Filipino Ingredients


Filipino ingredients are the basis for authentic Filipino cooking. 

So what are the Filipino pantry essentials?

Any Filipino can easily enumerate Rice, Pancit (rice noodles), Bagoong (shrimp paste) and Patis (fish sauce) for starters...

Let's take a look into the pantry of a typical Filipino household...

...starting with the backbone...

RICE

There are, basically, 2 different kinds of rice used in Filipino ingredients and they are White Rice and Glutinous or Sweet Rice.

WHITE RICE

A staple in the Filipino diet … Most Filipinos will tell you that a meal is not a meal unless it is served with rice. Rice complements the main course dishes of meat, seafood and even vegetables.

Interestingly, it's not just any kind of rice. We prefer it white as snow, long-grain and aromatic.

Jasmine or Milagrosa is the favorite. The texture is a little sticky and you will know if it's a new crop because of it's strong aroma. The rice loses it's aroma with time, but you can use Pandan or Screwpine leaves to give you the same result. Pandan leaves are commercially available frozen in some Asian markets.

Learn more about COOKING RICE, THE FILIPINO WAY.

GLUTINOUS RICE OR SWEET RICE

Glutinous, also called sweet rice is a short-grain rice that's starchy and sticky when cooked. It's used for savory dishes like Arroz Caldo and Bringhe and for sweet desserts like Biko, Champorado,Guinataang Monggo and Ginataang Mais.

When soaked in water and ground-up, Glutinous rice turns into a type of dough called Galapong. Galapong is used to make Puto, Palitaw,Bibingka.

Learn HOW TO MAKE GALAPONG OR SWEET / GLUTINOUS RICE DOUGH.

FLOURS AND STARCHES

Flour, in most Filipino food recipes, is used more like starches, as a thickening agent to make a slurry rather than for baking, and mainly because not many Filipino households bake their own breads and cakes.

If you enjoy baking and you would like to keep some baking flour on hand in your Filipino pantry, I suggest that you check the recipe to see what type of flour it specifically calls for, such as self-rising flour or whole wheat flour, to name just a couple.

The various kinds of flour each have a different structure that can affect the texture of the final product, so try your best to get the exact kind of flour the recipe calls for...especially when you're making it the first time.

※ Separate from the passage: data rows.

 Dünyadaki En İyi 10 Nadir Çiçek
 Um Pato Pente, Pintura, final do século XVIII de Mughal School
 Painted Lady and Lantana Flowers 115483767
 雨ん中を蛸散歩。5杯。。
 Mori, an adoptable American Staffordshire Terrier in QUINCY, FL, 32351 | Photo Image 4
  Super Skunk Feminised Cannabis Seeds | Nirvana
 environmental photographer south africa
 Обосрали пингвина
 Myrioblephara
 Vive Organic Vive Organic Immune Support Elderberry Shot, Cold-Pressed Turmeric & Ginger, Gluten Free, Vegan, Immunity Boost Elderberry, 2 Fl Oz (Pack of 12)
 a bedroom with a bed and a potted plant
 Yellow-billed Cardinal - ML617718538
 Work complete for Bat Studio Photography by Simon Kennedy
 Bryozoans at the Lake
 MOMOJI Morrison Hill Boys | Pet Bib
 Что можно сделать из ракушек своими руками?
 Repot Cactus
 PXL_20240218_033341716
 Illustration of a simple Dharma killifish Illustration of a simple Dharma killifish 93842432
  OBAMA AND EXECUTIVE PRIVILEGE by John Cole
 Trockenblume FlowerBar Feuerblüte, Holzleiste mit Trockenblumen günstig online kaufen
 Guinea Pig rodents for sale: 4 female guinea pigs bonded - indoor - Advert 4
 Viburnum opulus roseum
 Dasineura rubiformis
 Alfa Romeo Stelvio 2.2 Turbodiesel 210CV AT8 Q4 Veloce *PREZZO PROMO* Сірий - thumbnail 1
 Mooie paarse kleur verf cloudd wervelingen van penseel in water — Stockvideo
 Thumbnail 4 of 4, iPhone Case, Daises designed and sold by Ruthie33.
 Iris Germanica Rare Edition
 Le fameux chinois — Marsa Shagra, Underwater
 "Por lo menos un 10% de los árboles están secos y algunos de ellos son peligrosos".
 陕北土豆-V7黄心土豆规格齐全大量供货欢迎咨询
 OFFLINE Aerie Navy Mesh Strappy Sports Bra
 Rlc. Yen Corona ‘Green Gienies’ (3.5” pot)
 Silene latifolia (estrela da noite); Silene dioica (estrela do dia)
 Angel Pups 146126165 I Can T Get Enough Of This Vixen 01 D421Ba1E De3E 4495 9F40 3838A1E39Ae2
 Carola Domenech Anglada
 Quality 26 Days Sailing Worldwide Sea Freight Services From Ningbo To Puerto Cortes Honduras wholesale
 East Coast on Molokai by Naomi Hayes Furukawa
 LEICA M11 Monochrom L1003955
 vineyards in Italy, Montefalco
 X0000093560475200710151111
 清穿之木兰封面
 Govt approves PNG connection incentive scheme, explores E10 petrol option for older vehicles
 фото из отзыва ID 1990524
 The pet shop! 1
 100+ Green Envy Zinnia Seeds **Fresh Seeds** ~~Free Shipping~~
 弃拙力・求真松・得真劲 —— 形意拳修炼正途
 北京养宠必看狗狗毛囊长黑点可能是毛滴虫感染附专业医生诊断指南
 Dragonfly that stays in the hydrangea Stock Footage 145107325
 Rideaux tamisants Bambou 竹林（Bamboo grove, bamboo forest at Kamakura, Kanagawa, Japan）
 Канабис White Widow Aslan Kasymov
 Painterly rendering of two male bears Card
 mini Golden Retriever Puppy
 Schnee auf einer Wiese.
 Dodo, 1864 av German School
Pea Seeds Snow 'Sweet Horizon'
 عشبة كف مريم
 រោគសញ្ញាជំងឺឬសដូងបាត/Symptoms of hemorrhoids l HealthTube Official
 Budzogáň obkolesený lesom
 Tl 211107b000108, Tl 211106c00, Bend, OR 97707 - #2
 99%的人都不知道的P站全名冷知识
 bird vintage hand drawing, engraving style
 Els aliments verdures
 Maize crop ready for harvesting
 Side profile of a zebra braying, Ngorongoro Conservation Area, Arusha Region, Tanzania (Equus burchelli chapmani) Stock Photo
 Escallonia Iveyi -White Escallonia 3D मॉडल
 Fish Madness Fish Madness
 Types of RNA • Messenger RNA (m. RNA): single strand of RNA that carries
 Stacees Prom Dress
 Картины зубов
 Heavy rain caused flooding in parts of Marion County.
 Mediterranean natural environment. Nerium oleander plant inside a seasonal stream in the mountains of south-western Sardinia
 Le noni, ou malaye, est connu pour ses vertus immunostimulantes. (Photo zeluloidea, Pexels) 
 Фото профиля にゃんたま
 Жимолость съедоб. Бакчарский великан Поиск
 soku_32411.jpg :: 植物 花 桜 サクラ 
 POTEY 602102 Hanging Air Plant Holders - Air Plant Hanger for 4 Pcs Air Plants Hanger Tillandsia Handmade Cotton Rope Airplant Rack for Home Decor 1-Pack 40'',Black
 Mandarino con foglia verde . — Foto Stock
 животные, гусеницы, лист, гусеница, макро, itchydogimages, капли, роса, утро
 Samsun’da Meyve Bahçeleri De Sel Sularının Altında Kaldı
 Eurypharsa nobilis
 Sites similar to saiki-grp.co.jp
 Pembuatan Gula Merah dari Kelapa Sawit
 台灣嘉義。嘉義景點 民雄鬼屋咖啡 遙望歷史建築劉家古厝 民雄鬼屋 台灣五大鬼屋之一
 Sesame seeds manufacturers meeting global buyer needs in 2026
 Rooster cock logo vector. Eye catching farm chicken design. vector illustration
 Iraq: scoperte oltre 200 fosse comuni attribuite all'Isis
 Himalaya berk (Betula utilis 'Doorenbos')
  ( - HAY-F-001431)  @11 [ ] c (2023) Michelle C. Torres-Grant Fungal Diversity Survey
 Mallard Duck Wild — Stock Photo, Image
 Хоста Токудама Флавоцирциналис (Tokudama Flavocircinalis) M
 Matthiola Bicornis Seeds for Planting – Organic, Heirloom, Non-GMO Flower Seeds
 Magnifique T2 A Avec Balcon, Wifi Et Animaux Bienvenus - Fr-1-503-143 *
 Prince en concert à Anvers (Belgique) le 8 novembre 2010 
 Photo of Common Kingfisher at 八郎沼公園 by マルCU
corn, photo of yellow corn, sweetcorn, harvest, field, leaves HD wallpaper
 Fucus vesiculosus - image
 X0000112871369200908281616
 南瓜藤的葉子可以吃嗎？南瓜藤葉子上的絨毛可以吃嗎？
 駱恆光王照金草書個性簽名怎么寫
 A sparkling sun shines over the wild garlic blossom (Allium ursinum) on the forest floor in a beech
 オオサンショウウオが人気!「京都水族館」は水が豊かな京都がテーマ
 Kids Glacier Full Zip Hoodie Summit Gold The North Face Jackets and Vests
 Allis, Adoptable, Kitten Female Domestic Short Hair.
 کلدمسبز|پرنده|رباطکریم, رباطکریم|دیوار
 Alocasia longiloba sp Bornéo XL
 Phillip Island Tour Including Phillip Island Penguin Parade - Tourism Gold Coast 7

The most common flours and starches found in the typical Filipino pantry are:

  • all-purpose
  • cornstarch
  • tapioca - though not a common ingredient, it is great for thinner sauces

BENG'S TIPS

  • It is extremely important to remember that you should never put a thickener straight into a sauce without dissolving it first, or you will get lumps in your sauce...
  • When using Cornstarch or Tapioca starch, make sure to dissolve them in cold water.
  • BUT, when using All-purpose flour, DO NOT use water, because flour does not completely dissolve in water. Instead, I recommend that you mix it in a little oil, or make a roux (heat up oil and add the flour until it's totally dissolved and cook for a minute).

NOODLES AND PASTA

NOODLES

Noodles symbolize long life - we learned that from the Chinese, so noodles are one of the 'must-have' Filipino ingredients prepared during Birthdays and Holidays.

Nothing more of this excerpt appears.